Annie and Helen, written by Deborah Hhopkinson and illustrated by Raul Colon. Schwartz & Wade, Random House. 2012. $20.99 all ages

"She asked Helen's family to leave, then locked the door and prepared for battle. Helen pinched! She bit! She threw herself to the floor and kicked. Annie would not give in. It took two hours, but in the end Helen ate her own food with a spoon and folded her napkin when she was done."

It is a remarkable story that weds determination, a bright and eager mind, patience and triumph. It is a yearlong struggle; their path is not smooth.
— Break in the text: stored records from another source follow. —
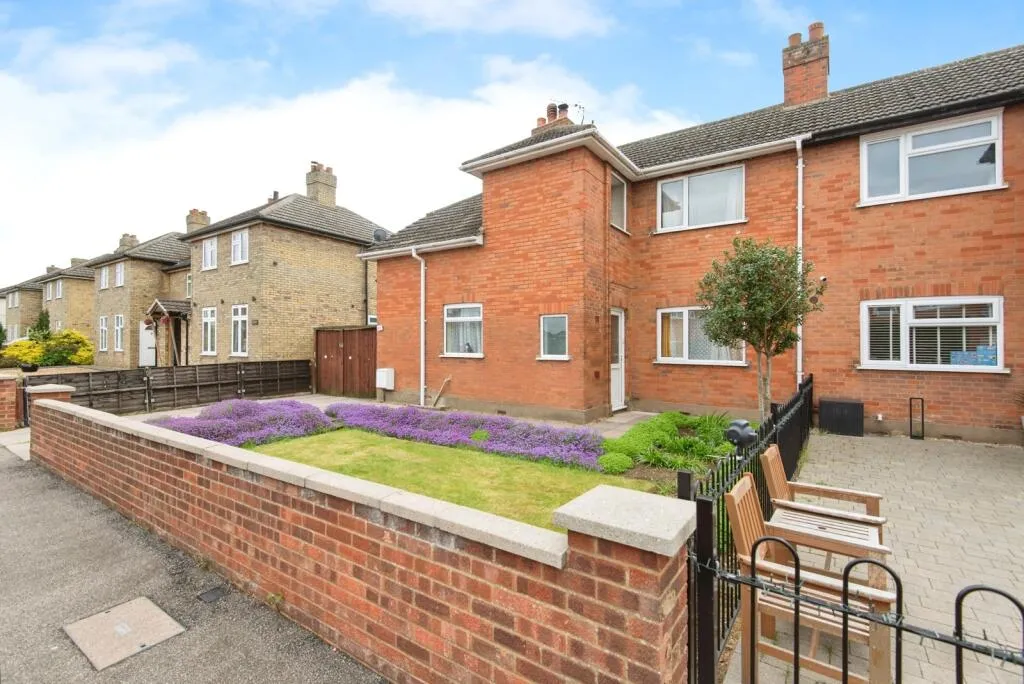 3 bed House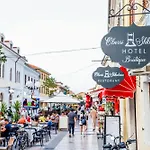 Oborri Shkodran Boutique Shkoder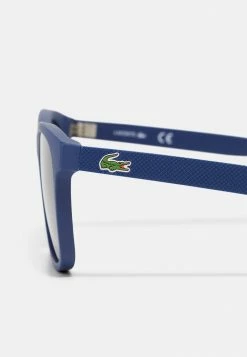 Lacoste UNISEX - Lunettes De Soleil - Matte Dark Blue -Lacoste Soldes Magasin c156aa90ed8d491384af6a1f435df9ad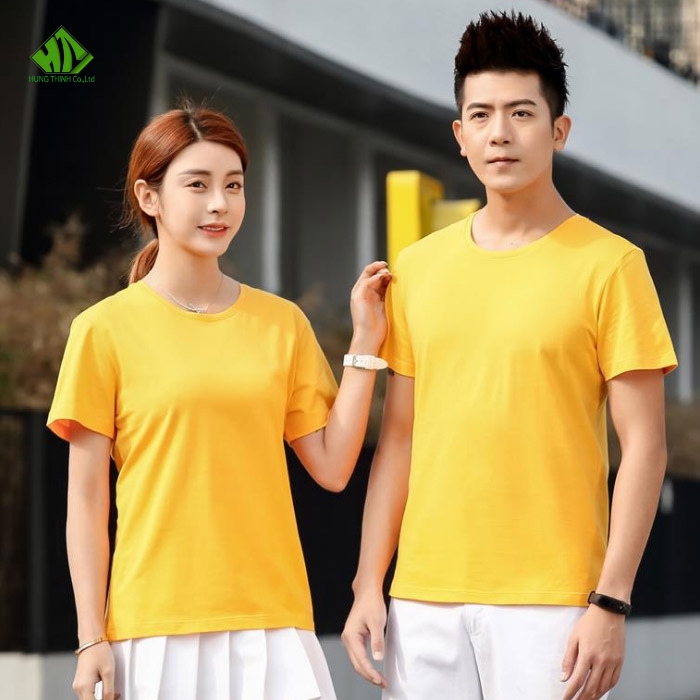 Ao thun dong phuc co tron mau vang (2)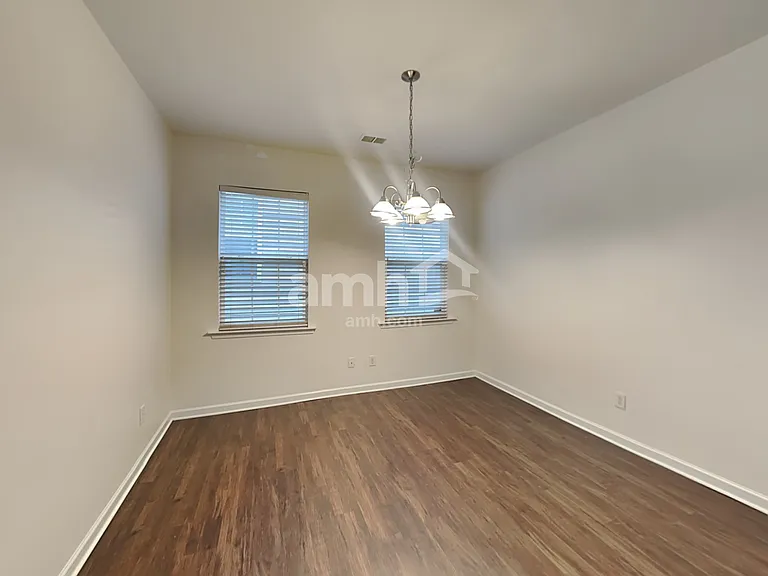 5116 Abercromby St — Photo 6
A teacher who has been blind (and healed), a young girl who is blinded (not to mention her deafness and mutism) by illness as an almost two-year-old are brought together in an effort to unlock the mystery that is Helen: 

"Helen was like a small, wild bird,
throwing herself against the bars of
a dark and silent cage."

In expressive, yet simple, language Deborah Hopkinson brings to a new audience of young readers the story of Helen Keller and her amazing teacher, Annie Sullivan. She uses excerpts from Annie's personal letters to let us in on the thinking, the events and the concerns of that first year. What unbelievable success they achieved in such a short time!

I love  Ms. Hopkinson's description of Annie's perseverance in trying to help Helen understand the skill of finger spelling in order to introduce her to the world around her;

"Helen still needed the key to language.
Annie spelled into Helen's palm all day long.
Like someone on a windy peak
trying to kindle a fire for warmth,
Annie kept hoping for a spark to catch."

And her understanding of all that was happening as her student begins to flourish:

"Annie realized that Helen was learning language just as a baby does.
Mothers and fathers don't give babies vocabulary lessons
or worry about teaching grammar - they just talk.
All on her own, young Annie invented a brilliant new way to teach:
she would talk into Helen's hand
the way people talk into a baby's ears!"

The warm, gentle tone of the story is mirrored in Raul Colon's muted watercolors. The texture in the lines made me think of all that Helen was touching and feeling in her new world. A double page where Helen delights in the movement words she is learning as she walks, leaps, jumps across the spread is definitely my favorite scene. The archival photos of Helen as a child and young woman add a graceful charm to their story.

The feel of the Braille alphabet on the back cover is evidence that this is a publishing house that wanted to make its book the best it could be. Bravo! Young listeners and readers will be intrigued to the very end.